Configure a job
The default SCR configuration suffices for many Linux clusters. However, significant performance improvement or additional functionality may be gained via custom configuration.
Setting parameters
SCR searches the following locations in the following order for a parameter value, taking the first value it finds.
Environment variables,
User configuration file,
Values set with
SCR_Config
,System configuration file,
Compile-time constants.
A convenient method to set an SCR parameter is through an environment variable, e.g.,:
export SCR_CACHE_SIZE=2
In cases where SCR parameters need to be set based
on the run time configuration of the application,
the application can call SCR_Config
, e.g.,:
SCR_Config("SCR_CACHE_SIZE=2");
Section Configure SCR for application settings lists common use cases for SCR_Config
.
SCR also offers two configuration files: a user configuration file and a system configuration file. The user configuration file is useful for parameters that may need to vary by job, while the system configuration file is useful for parameters that apply to all jobs.
To find a user configuration file,
SCR looks for a file named .scrconf
in the prefix directory.
Alternatively, one may specify the name and location of the user configuration file
by setting the SCR_CONF_FILE
environment variable at run time, e.g.,:
export SCR_CONF_FILE=~/myscr.conf
The location of the system configuration file is hard-coded into SCR at build time.
This defaults to <install>/etc/scr.conf
.
One may choose a different path using the SCR_CONFIG_FILE
CMake option, e.g.,:
cmake -DSCR_CONFIG_FILE=/path/to/scr.conf ...

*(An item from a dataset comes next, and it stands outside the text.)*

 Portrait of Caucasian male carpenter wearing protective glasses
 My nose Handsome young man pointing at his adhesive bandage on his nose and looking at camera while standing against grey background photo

To set an SCR parameter in a configuration file, list the parameter name followed by its value separated by an ‘=’ sign. Blank lines are ignored, and any characters following the ‘#’ comment character are ignored. For example, a configuration file may contain something like the following:
>>: cat ~/myscr.conf
# set the halt seconds to one hour
SCR_HALT_SECONDS=3600
# set SCR to flush every 20 checkpoints
SCR_FLUSH=20
One can include environment variable expressions in the value of SCR configuration parameters. SCR interpolates the value of the environment variable at run time before setting the parameter. This is useful for some parameters like storage paths, which may only be defined within the allocation environment, e.g.,:
# SLURM system that creates a /dev/shm directory for each job
SCR_CNTL_BASE=/dev/shm/$SLURM_JOBID
SCR_CACHE_BASE=/dev/shm/$SLURM_JOBID
Common configurations
This section describes some common configuration values. These parameters can be set using any of the methods described above.
Enable debug messages
SCR can print informational messages about its operations, timing, and bandwidth:
SCR_DEBUG=1
This setting is recommended during development and debugging.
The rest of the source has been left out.